## DATASET:
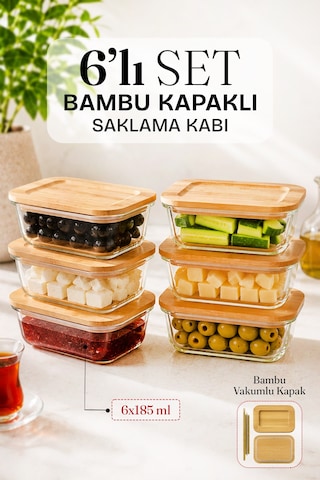 Bambu Vakumlu Kapaklı 6'lı Dikdörtgen Kase Cam Saklama Kabı Kahvaltılık Buzdolabı Tatlı Fırın Borcam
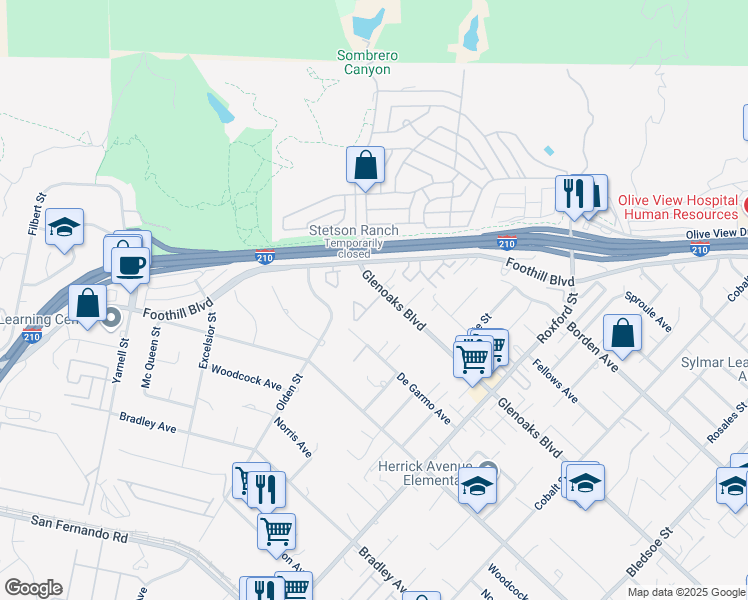map of restaurants, bars, coffee shops, grocery stores, and more near 13775 Glenoaks Boulevard in Los Angeles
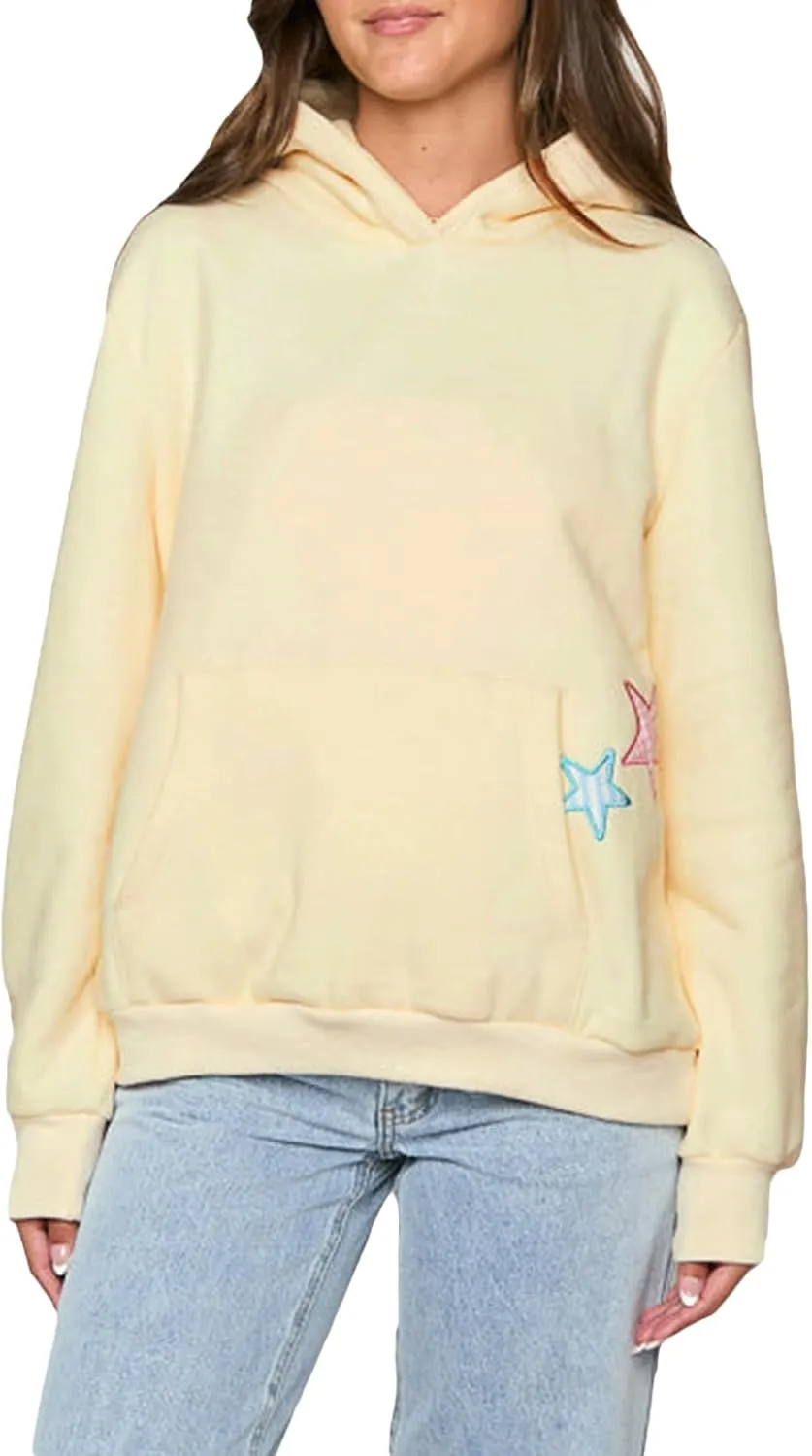 Amiblvowa Preppy Embroidery Graphic Hoodies for Teen Girl Y2K Long Sleeve Oversized Pullover Sweatshirt Top Women Cute Hooded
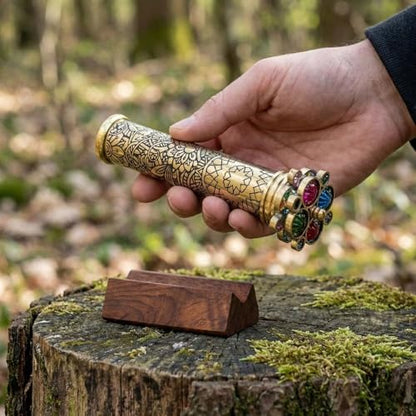 Handcrafted Etched Floral Pattern Lacquered Brass Kaleidoscope Includes Two Separate Turning Wheels
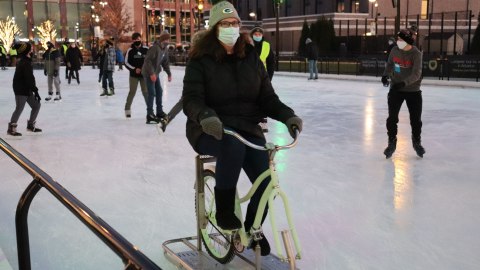 Rent An Ice Bike And Cruise Around A Skating Rink On A One-Of-A-Kind Winter Adventure In Wisconsin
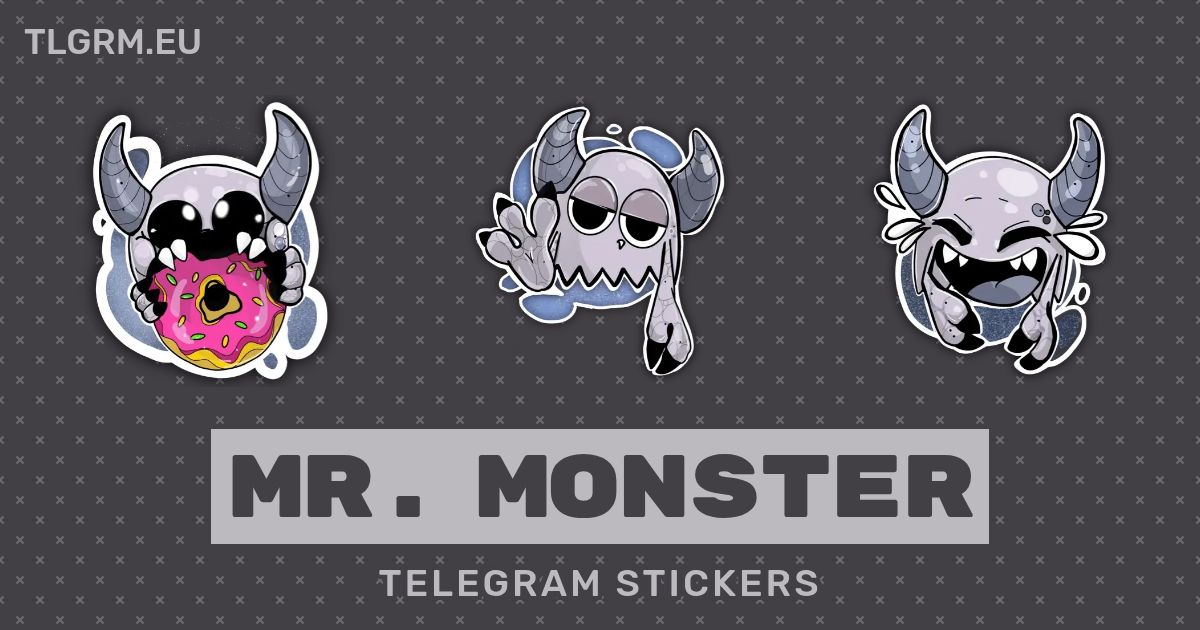 “Mr. Monster” stickers set for Telegram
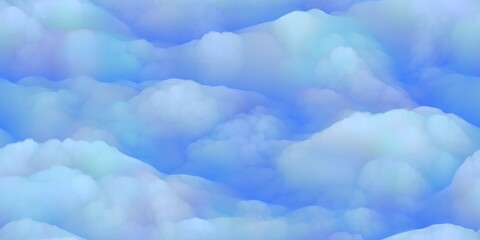 Stylize blue sky seamless background and cartoon fluffy clouds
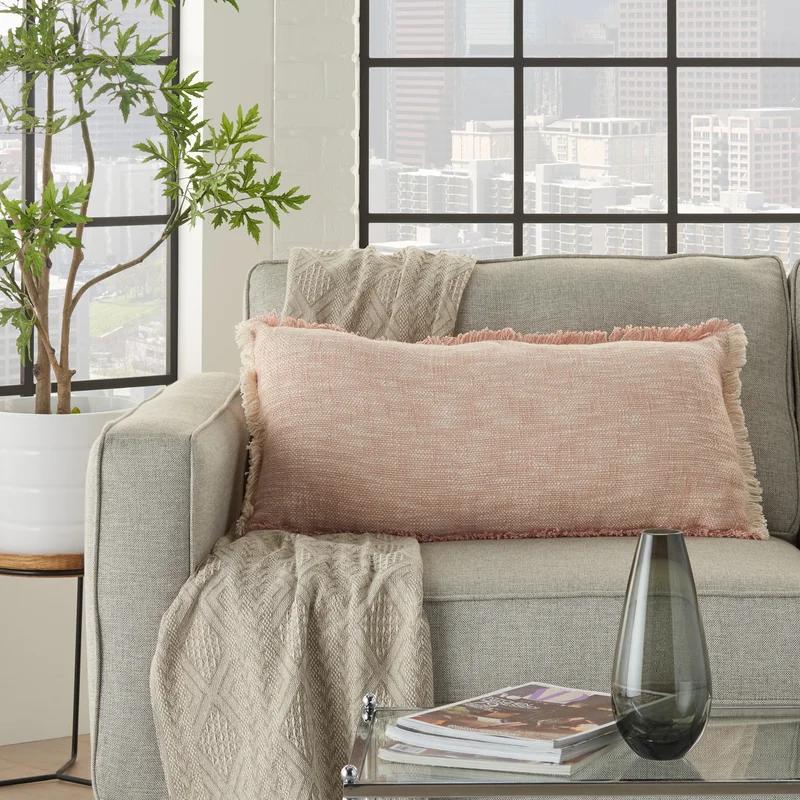Gomer Fringed Cotton Throw Pillow-30"x14" thumbnail 2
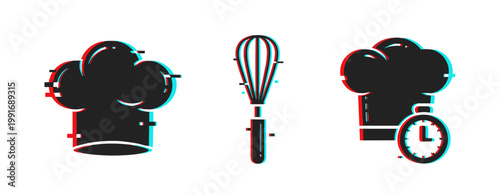 Chef tools and hat icons showing mixing and timed cooking in kitchen. Glitch effect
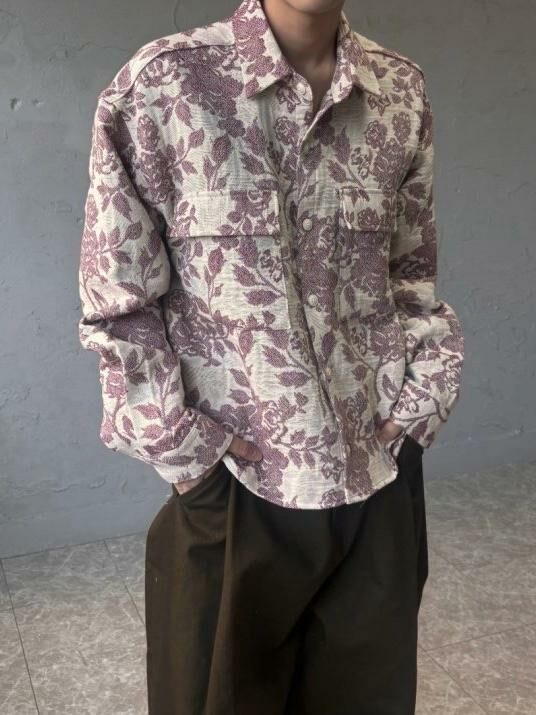 花花圖案長袖恤衫 Crunky_youth-084JK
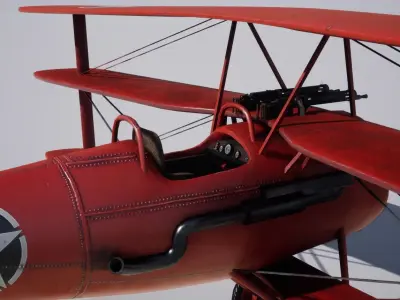 Military Triplane Low-poly 3D model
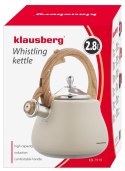 Czajnik z gwizdkiem, stal nierdzewna, beżowy z elementami drewnopodobnymi, 2,8l, klausberg, kb-7919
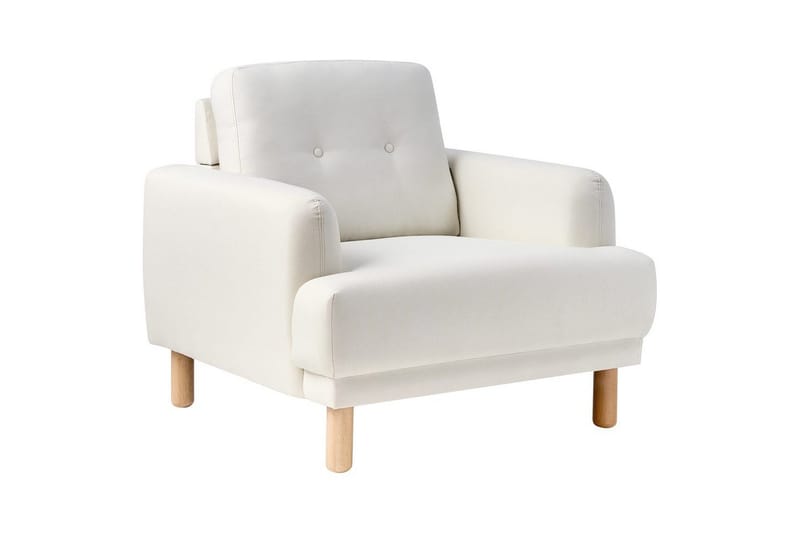 Lenestol Tuve, Hvit, lyst tre/Polyester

## ASSIGNMENT:
Give back all the material exactly, with no pictures.

## WRITTEN REPLY:
 Bambu Vakumlu Kapaklı 6'lı Dikdörtgen Kase Cam Saklama Kabı Kahvaltılık Buzdolabı Tatlı Fırın Borcam
map of restaurants, bars, coffee shops, grocery stores, and more near 13775 Glenoaks Boulevard in Los Angeles
 Amiblvowa Preppy Embroidery Graphic Hoodies for Teen Girl Y2K Long Sleeve Oversized Pullover Sweatshirt Top Women Cute Hooded
 Handcrafted Etched Floral Pattern Lacquered Brass Kaleidoscope Includes Two Separate Turning Wheels
 Rent An Ice Bike And Cruise Around A Skating Rink On A One-Of-A-Kind Winter Adventure In Wisconsin
 “Mr. Monster” stickers set for Telegram
 Stylize blue sky seamless background and cartoon fluffy clouds
Gomer Fringed Cotton Throw Pillow-30"x14" thumbnail 2
 Chef tools and hat icons showing mixing and timed cooking in kitchen. Glitch effect
 花花圖案長袖恤衫 Crunky_youth-084JK
 Military Triplane Low-poly 3D model
 Czajnik z gwizdkiem, stal nierdzewna, beżowy z elementami drewnopodobnymi, 2,8l, klausberg, kb-7919
 Lenestol Tuve, Hvit, lyst tre/Polyester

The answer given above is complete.